Because legitimate numbers can be compromised to originate calls, advanced call analytics can be a huge assistance in detecting changes in calling patterns. These analytics establish a well-defined baseline of what is categorized as “normal” traffic based on when and where a call originates.
Some solutions also provide reputation scores to decide whether a call is illegitimate or not. Much like FICO scores, which measures consumer credit risk, a reputation score measures caller intent and the likelihood of whether the calls are fraudulent, telemarketing or nuisance calls. The higher the score, the more reputable the call is likely to be and the more likely it will be allowed to proceed.
However, many calls may have reputation scores between these two outcomes and should be given special call validation treatment options. For these calls, service providers have a few different call validation treatment options to consider:
- Route to an announcement indicating the call cannot be completed at this time
- Divert to a voice mail system
- Route to a "CAPTCHA" system that will play an announcement asking the calling party to respond to instructions (i.e. entering a specific set of digits) if they want the call to proceed
- Alter the Calling Name display to "Potential SPAM" to give the terminating party enough information to decide whether to answer or not answer a call
What’s the importance of trust context?
Trust context measures the match between the call origination information and how the call enters the terminating service provider’s network. To understand trust context, providers need to know about the originator’s location, where the call enters the network, and other information they already have about the originating caller.
For example, if the call is coming from a known subscriber on a local network interface, the calls should always be verified as trusted. On the other hand, if that same call came in from another carrier, it has likely been spoofed.

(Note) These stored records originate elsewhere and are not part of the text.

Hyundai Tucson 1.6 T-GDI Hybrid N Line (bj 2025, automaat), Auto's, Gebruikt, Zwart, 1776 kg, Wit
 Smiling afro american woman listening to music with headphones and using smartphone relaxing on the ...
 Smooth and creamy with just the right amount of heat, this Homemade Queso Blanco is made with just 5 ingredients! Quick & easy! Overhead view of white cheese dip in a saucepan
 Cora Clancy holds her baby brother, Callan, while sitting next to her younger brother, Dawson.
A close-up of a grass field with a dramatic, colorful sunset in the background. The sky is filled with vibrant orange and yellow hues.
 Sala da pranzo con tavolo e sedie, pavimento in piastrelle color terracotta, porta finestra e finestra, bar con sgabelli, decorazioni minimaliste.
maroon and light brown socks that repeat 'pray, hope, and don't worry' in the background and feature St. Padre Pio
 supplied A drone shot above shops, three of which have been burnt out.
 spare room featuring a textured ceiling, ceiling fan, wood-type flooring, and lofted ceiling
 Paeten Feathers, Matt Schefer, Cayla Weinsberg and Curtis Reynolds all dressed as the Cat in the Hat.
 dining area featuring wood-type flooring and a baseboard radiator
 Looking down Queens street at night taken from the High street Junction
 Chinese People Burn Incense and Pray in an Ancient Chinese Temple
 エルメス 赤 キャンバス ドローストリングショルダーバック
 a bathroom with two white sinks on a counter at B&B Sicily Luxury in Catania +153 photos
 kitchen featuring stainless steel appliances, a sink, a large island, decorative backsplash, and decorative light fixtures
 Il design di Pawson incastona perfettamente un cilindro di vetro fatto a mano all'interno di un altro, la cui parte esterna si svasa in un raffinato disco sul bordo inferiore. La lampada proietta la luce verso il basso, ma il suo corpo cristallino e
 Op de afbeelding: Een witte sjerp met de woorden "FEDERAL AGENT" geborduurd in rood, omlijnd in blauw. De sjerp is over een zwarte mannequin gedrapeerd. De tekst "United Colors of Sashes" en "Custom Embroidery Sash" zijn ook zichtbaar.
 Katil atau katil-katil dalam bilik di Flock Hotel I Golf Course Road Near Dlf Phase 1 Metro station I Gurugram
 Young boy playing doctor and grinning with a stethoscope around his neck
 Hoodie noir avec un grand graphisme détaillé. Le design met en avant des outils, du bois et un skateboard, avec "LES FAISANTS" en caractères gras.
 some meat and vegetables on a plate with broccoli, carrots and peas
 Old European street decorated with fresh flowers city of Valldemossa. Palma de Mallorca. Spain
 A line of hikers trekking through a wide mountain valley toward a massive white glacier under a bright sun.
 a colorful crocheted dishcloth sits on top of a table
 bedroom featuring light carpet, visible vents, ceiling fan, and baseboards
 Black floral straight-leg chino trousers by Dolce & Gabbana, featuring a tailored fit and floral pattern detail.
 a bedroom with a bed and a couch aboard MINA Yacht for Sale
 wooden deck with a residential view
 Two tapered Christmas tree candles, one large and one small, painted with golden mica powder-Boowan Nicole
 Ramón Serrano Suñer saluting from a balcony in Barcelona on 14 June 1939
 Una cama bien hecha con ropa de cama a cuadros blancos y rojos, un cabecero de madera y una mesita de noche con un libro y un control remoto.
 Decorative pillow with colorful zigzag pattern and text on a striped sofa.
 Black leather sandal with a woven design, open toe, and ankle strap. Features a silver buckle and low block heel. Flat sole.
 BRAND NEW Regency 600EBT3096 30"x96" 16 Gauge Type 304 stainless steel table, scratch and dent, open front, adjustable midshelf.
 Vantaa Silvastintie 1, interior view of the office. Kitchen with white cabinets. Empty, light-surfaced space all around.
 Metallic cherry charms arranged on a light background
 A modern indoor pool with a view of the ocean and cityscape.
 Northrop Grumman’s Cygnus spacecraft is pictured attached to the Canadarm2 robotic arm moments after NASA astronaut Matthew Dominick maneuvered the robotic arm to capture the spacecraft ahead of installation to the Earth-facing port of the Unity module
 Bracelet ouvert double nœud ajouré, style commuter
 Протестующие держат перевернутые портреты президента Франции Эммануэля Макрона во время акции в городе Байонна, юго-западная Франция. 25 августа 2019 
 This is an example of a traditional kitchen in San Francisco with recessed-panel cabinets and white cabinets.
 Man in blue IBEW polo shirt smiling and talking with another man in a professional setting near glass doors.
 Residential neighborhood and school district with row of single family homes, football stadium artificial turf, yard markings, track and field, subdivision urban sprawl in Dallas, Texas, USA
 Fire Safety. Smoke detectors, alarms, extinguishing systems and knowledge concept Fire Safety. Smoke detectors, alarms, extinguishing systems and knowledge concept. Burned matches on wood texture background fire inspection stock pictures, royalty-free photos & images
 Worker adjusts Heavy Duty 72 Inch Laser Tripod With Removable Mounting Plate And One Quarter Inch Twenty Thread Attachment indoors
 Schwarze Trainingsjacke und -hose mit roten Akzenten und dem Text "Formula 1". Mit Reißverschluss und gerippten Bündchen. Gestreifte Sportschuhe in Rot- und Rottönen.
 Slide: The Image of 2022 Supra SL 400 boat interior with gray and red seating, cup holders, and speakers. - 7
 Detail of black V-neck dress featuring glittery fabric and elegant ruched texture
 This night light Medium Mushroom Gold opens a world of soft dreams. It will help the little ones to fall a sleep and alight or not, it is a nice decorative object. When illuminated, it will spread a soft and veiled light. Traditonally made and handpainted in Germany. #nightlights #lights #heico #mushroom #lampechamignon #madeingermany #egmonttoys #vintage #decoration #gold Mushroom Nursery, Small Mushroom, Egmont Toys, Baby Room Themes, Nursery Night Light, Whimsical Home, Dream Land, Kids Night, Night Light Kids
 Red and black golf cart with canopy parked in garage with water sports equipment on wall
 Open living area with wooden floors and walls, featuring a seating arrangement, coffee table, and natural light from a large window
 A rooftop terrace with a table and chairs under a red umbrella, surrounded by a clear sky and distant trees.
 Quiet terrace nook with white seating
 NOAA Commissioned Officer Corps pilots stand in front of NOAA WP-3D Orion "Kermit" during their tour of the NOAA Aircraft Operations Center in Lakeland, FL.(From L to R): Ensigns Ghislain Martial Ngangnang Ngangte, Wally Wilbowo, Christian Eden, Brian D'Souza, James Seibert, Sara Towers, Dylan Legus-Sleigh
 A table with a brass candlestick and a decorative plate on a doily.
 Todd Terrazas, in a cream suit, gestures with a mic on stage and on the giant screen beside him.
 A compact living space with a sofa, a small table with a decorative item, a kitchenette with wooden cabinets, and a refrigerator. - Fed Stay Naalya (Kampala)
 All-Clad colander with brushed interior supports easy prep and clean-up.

Following these guidelines will ensure that providers who are still finalizing their plans, as well as those who are looking to improve their existing plans, will meet the requirements for the FCC’s mandate. However, the industry’s collective efforts to restore trust in the network should not stop there. While STIR-SHAKEN standards, call analytics, and reputation scoring will go a long way in helping combat robocalling, there’s still much to do to decrease fraudulent calling. It’s on the communications industry as a whole to continue to share ideas on how to work together to resolve one of the biggest problems facing our market today.